Various skin-lightening products are found across India and online, no prescription or restrictions required.

Nonetheless, a 2014 marketing study found that almost 90% of Indian girls cite skin lightening as a “high need”. These young women are willing to overlook the after-effects of bleaching, and the advent of online sales allows them to use these products in the privacy of their own homes.

Initially focused on feminine beauty, the fairness creams market now also caters to Indian men. Products marketed to men promise to fight sweat, give them fairer underarms, and attract women.

And Bollywood stars with huge followings, including Shah Rukh Khan and John Abraham, regularly endorse and promote skin bleaches.

Bleaching backlash

The brand Clean and Dry took bleaching to new levels in 2012, when it began heavily advertising for a new wash to lighten the vagina.

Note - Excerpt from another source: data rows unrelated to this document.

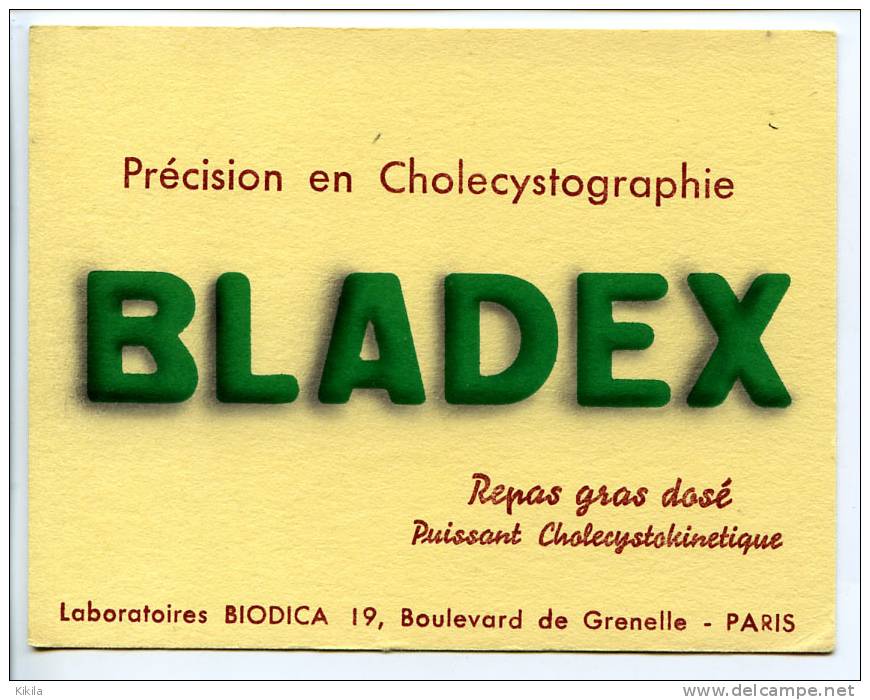 Buvard 13.4 X 10.5 Laboratoires BIODICA Paris  Bladex - Chemist's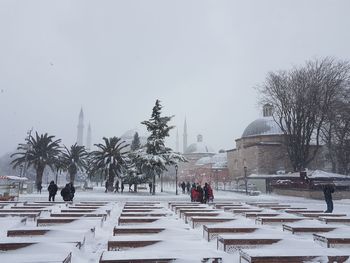 People on snow covered plants against sky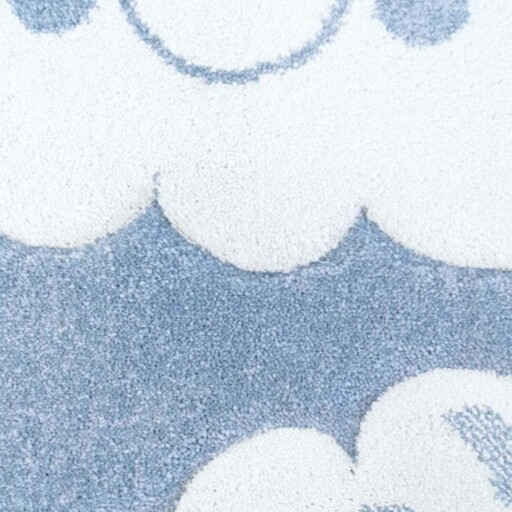 Vloerkleed kinderkamer Wolken 3D - blauw - close up materiaal, thumbnail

This time, women had had enough.

In 2013, the activist group Women of Worth launched their Dark is Beautiful campaign, which was endorsed by the Indian theatre actress Nandita Das.

With other feminist groups, the women compelled the Advertising Standards Council of India to issue guidelines in 2014 stating that “ads should not reinforce negative social stereotyping on the basis of skin colour” or “portray people with darker skin (as)…inferior, or unsuccessful in any aspect of life particularly in relation to being attractive to the opposite sex”.

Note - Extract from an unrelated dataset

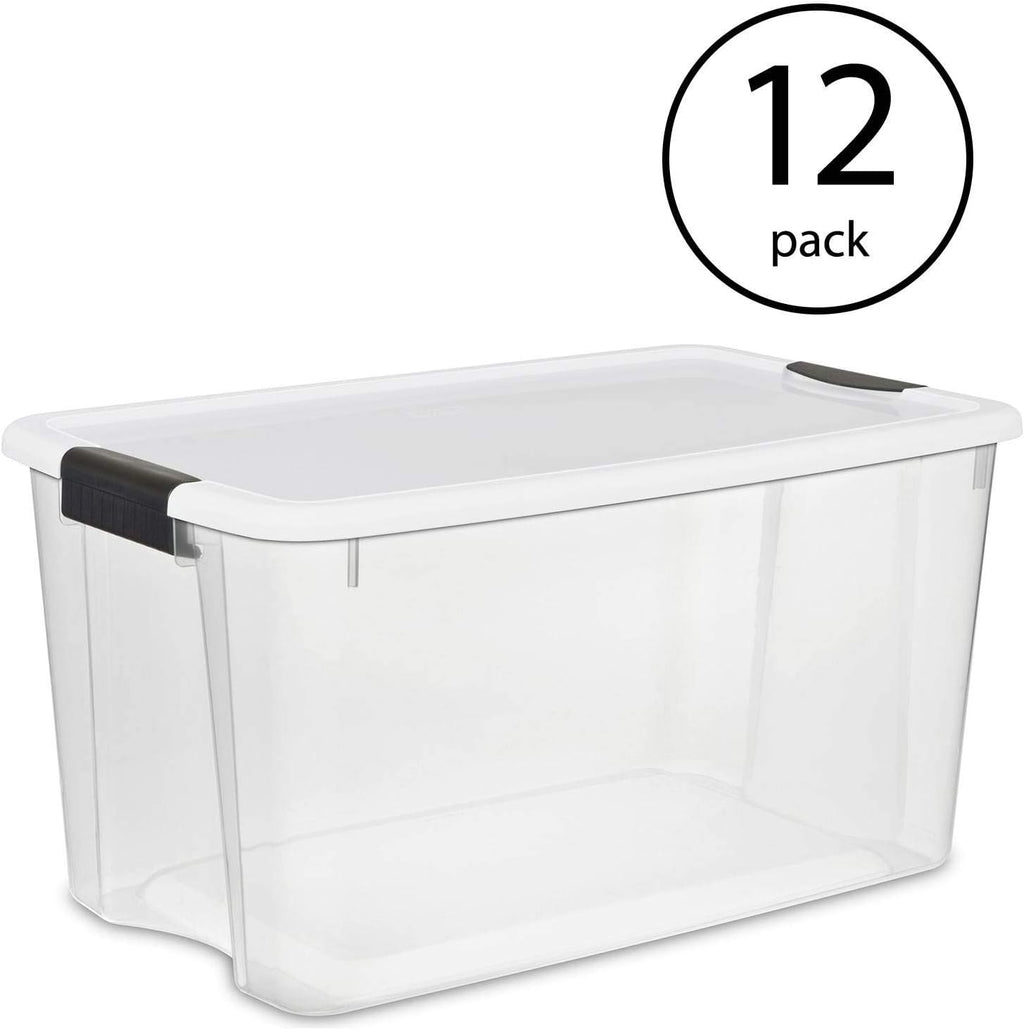 70 Quart Ultra Latch Storage Box with White Lid & Clear Base (12 Pack) W42413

This guidance is in keeping with the Indian Constitution, which provides for equality for all (article 14) and prohibits discrimination on the grounds of religion, race, caste, sex, or place of birth (article 15).

Unfortunately, the law can do little to stop the subtler forms of racism and bigotry present in Indian society. And, to date, that vagina bleaching product is still on the market.

The “bleaching syndrome” goes far beyond skin colour, with Indian women also questioning their hair texture and colour, speech, marital choices, and dress style, raising real concerns about female self-esteem.As Aranya Johar rhymed on Youtube, “With the hope of being able someday to love another/let’s begin by being our own first lovers”.